32- Seni Sevmiyorum, Hiç Sevmedim

157K 9.7K 8.9K
                                    

Duman - Her Şeyi Yak

Teya Dora - Dzanum

"Buse'mi özledim."

Can, omuzlarını çökerterek dirseklerini dizlerine yasladı ve başını eğdi. "Aşırı özledim. Sesini, gülüşünü, kokusunu..."

"Ara," dedi Rüzgar. Dünyanın en basit problemiydi bu onun gözünde.

"Arayamam," dedi Can. "Çok kızdırdım onu, şu an ararsam daha çok kızacak. Önce biraz sakinleşsin."

"Kızdırdıysan sen sakinleştir," diyerek tavsiye vermeye devam etti Rüzgar. En azından deniyor olması, ister istemez tebessüm etmeme neden oldu. Önceden olsa, sadece dinleyip geçecekmiş gibi bir his vardı içimde. Oysaki şimdi, arkadaşının problemini çözmek için uğraşıyordu.

"Beni görmek onu daha çok sinirlendirecek."

Rüzgar, anlamazca kaşlarını çattı. Can, başını hafifçe iki yana sallarken "Bir gün Meltem'i kızdırınca anlayacaksın beni," dedi.
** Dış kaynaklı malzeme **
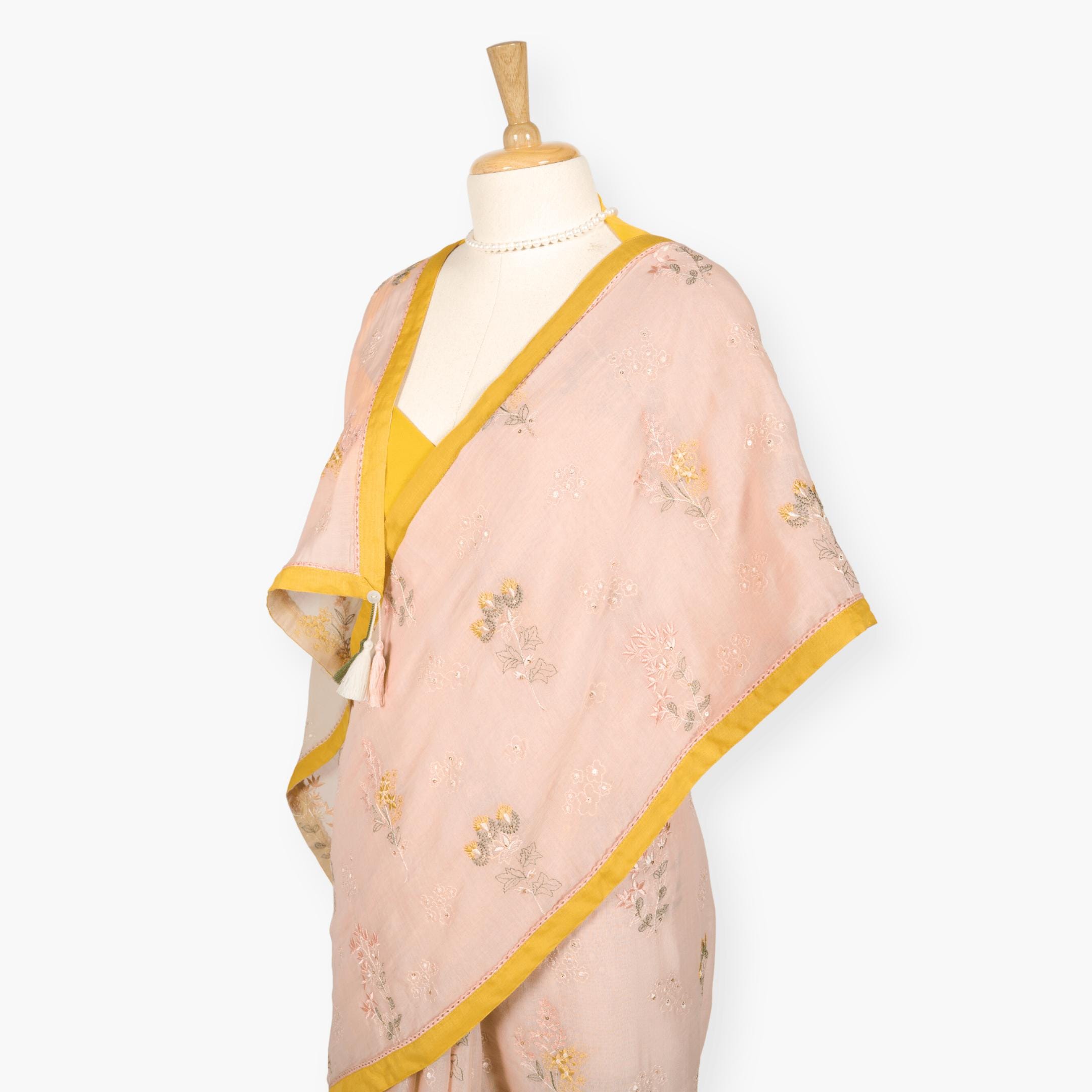 Embroidered Saree Saree Pastel Peach Mul Chanderi Saree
Rüzgar'ın koyu kahveleri bana döndü. Gözlerini kısarak yüzümü inceledi. Sanki, olur da beni kızdırdığı takdirde, verebileceğim tepkileri hayal ediyordu.

Beraber yaşamaya başladıktan sonra ona kızdığım belli zaman dilimleri olmuştu. Ama tüm bunların üstünden çok zaman geçmiş gibi hissediyordum. Gün geçtikçe daha yakın olmuştuk.

Her anlamda daha yakın...

Ve şu anki yakınlığımızda beni kızdıracak bir şey yapsa, sanırım tepkim daha keskin olurdu. Öncesinde tavır almaktan başka bir şey yapmıyordum. Ama ona ciddi ciddi kızabilir miydim, bunu da bilmiyordum. Tek bildiğim, öyle bakmaya devam ettiği takdirde Can varmış, yokmuş dinlemeden kalkıp onu ısıracağımdı.

Neyse ki gözlerini gözlerimden çekti, ben de yerimde oturmaya devam ettim. Sıcak bakışları olmadan üşüdüğümü fark ettim. Hem bana çok uzakta oturuyordu. Yakınlığını çok özlemiştim. Onu, teninden yükselen kokuyu ve sıcaklığı...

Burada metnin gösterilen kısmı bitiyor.